James Quiggle, a spokesman for the Washington, D.C.-based Coalition Against Insurance Fraud, said the percentage announced last week by the Chicago-based management consulting firm Accenture is more than he would have expected. Mr. Quiggle said he thought about 20 percent of the public were prone to this type of fraud.
“There is an unacceptably high tolerance by the public for insurance fraud,” Mr. Quiggle told National Underwriter.
While the survey reported that one in four U.S. adults think that overstating the value of a claim to an insurance company is “acceptable” behavior, it also found that only 10 percent of those surveyed approved of submitting insurance claims for items that were not lost or stolen or for treatments that were not provided.
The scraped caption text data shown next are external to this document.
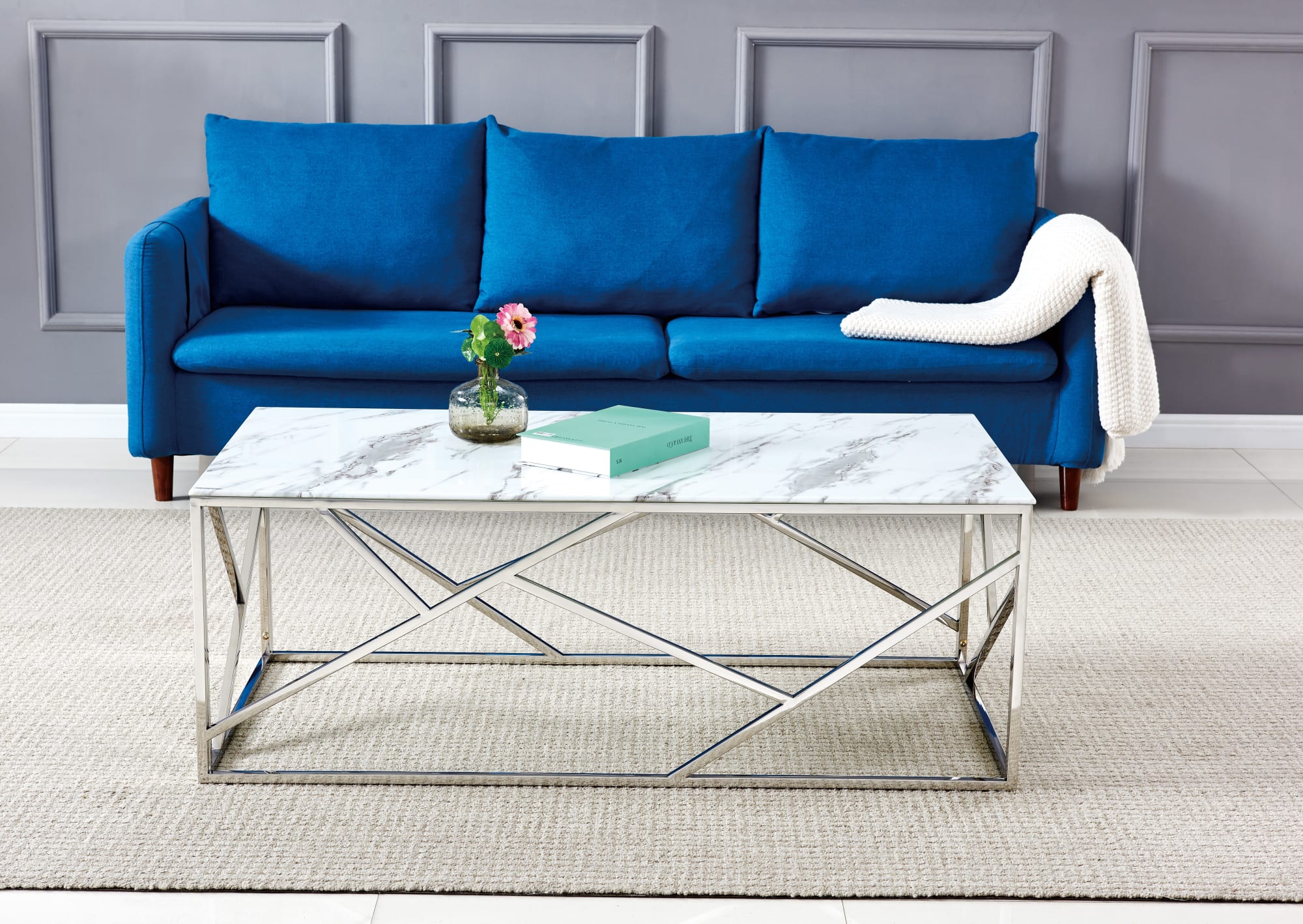 TABLE BASSE GEOMAG INOX MARBRE BLANC 120x60x45 cm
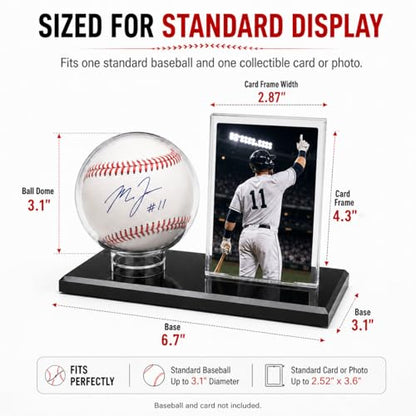 Baseball Display Case for Ball and Cards,1/2/3Pcs Clear Acrylic Tabletop Single Baseball Display Holder with Light UV Resistance, Black Base Display Stand for Sport Memorabilia (1Pack)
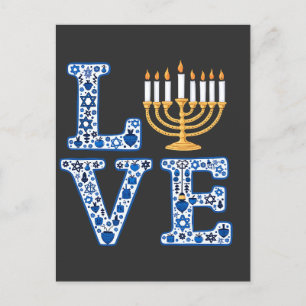 Postal De Invitación Love Hanukkah Jewish Holiday Menorah
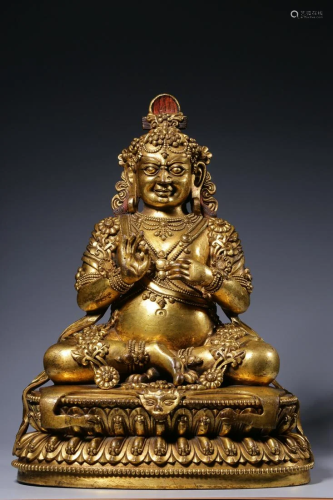 Qing Dynasty - Gilt Bronze Virupa Sitting Figure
The survey was conducted by Horsham, Pa.-based Taylor Nelson Sofres Intersearch.
The survey also found that two-thirds of respondents said people are more likely to commit insurance fraud during an economic downturn than when the economy is strong.
Mr. Quiggle supported these findings, noting that fraud spikes upward in a shaky economy. “When people are laid-off or are struggling financially, they may see insurance fraud as a way to obtain income,” he said.
Half of those surveyed said they think that people commit insurance fraud because they can “get away with it.” And a fifth said they believe that people commit fraud to make up for their deductibles.
“Fraud is a growing concern for insurers, whose aging technology and inefficient processes often prevent them from detecting fraudulent claims,” noted Michael A. Lucarini, a partner in Accenture’s insurance practice.
Lucarini points to estimates by the Insurance Services Office that U.S. property-casualty insurance fraud costs the industry approximately $24 billion a year, representing 10 percent of total claims payments.
‘There is a moral disconnect in personal attitudes toward insurance fraud,” Mr. Quiggle said. “People think it is okay to rip off an insurance company.” Mr. Quiggle added that insurance fraud is often viewed as a “victimless crime” or a “prank” against wealthy insurance companies “that can afford a few stolen dollars.”
The survey is based on telephone interviews with a random sample of 1,030 people over age 18. Out of these respondents, 298 said they had filed a property-casualty claim.